На фронт все ж попала, поведав об этом в стихах:
Я ушла из детства
в грязную теплушку,
В эшелон пехоты,
в санитарный взвод.
В другой раз изложила тему не менее выразительно:
Худенькой, нескладной
недотрогой
Я пришла в окопные края,
И была застенчивой и строгой
Полковая молодость моя…
Поэт Леонид Кривощеков рассказывал о ней: «Впечатлительная московская девочка… сбежала от мамы (выделено мной. – В.В.) на фронт… В первом же бою нас поразило ее спокойное презрение к смерти… У девушки было какое-то полное отсутствие чувства страха, полное равнодушие к опасности. Казалось, ей совершенно равнодушно, ранят ее или не ранят, убьют или не убьют… Она переносила все тяготы фронтовой жизни и как будто не замечала их.

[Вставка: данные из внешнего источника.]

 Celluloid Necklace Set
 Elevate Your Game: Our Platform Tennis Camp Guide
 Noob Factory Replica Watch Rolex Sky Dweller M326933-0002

Перевязывала окровавленных, искалеченных людей, видела трупы, мерзла, голодала, по неделе не раздевалась и не умывалась, но оставалась романтиком…»
Иной спросит: откуда такое пренебрежение к себе? Ответит поэтесса Юлия Друнина: «Потому что имя/ Ближе, чем/«Россия» / Не могла сыскать».
Необычно сильными были уже первые ее впечатления. Оказавшись на передовой и увидев героическое в молодом комбате, она испытала неожиданное – то, что назвала «детской влюбленностью». Позже писала: «Мина, убившая комбата, надолго оглушила меня. А потом, через годы, в стихах моих будут часто появляться Комбаты».
Стремясь оставаться на фронте, мотивов своих она не таила: «…прикрыть Родину в этот час можно только собой… я никогда не прощу себе, если проведу войну в тылу…» Многое открывается здесь – выстраданная, далекая от религии духовность, которой обладала в ту пору не одна Юлия Друнина.
Со временем она разъяснила, что придавало ей силы на фронте: «Я тем гордилась, что среди огня / Мужчины в окровавленных шинелях / На помощь звали девушку – / Меня…»
Учтя один из кинофильмов, обязательно скажешь: «Она защищала Родину». Совсем простые слова. Но в них больше, пожалуй, чем в ином объемистом романе.
Повороты в ее бытии следовали один за другим. Вопреки собственным желаниям пришлось двинуться и на восток. Продолжался 41‑й. «И странная, непонятная для других болезнь – «фронтовая ностальгия» стала преследовать ее уже в эшелоне, увозящем от войны. Уже тогда она немало что осознала, называя фронтовое братство «самым прекрасным в жизни». Стремясь на передовую, жертвовала собой, отвергая доводы разума: «И говоришь ты сердцу: «Пропадешь!»/ А сердце отвечает: «Ну и что ж!» («Любовь»).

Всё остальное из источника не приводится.